Find the line that holds "Χρειάζεσαι επειγόντως ένα", then repeat it and each line below it word for word through the end of the listing, leaving out pictures.

_PROVIDED MATERIAL:_
□ □ □

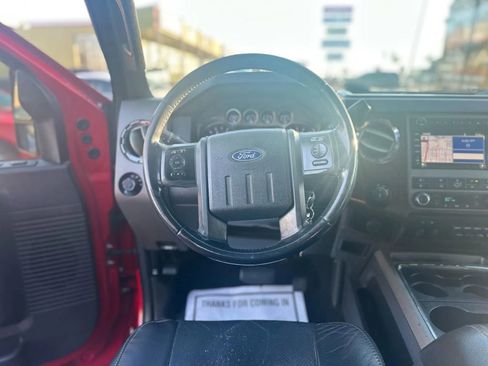Used 2012 Ford F250 Lariat w/ Lariat Interior Pkg image 13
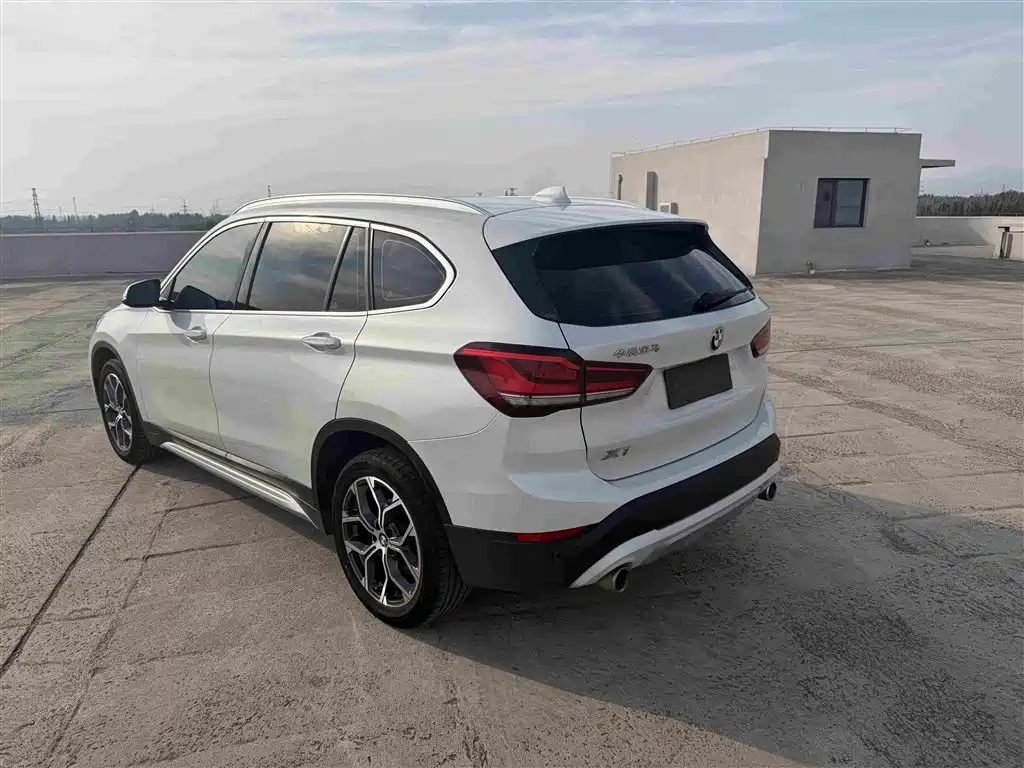 BMW X1 — миниатюра 6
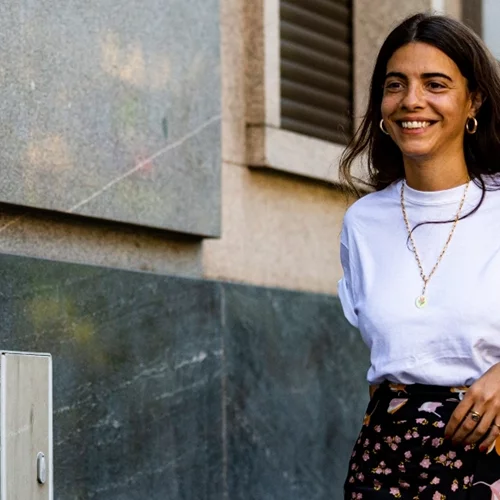 Χρειάζεσαι επειγόντως ένα T-shirt | Τα σχέδια και τα looks που φορούν οι fashionistas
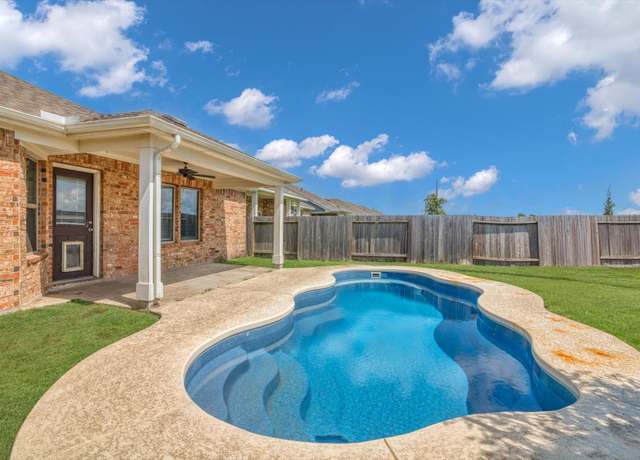 Property at 2314 Brickfielder Ln, Baytown, TX 77523, 4 beds, 2 baths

□ □ □

_REPLY TO THE EXERCISE:_
 Χρειάζεσαι επειγόντως ένα T-shirt | Τα σχέδια και τα looks που φορούν οι fashionistas
 Property at 2314 Brickfielder Ln, Baytown, TX 77523, 4 beds, 2 baths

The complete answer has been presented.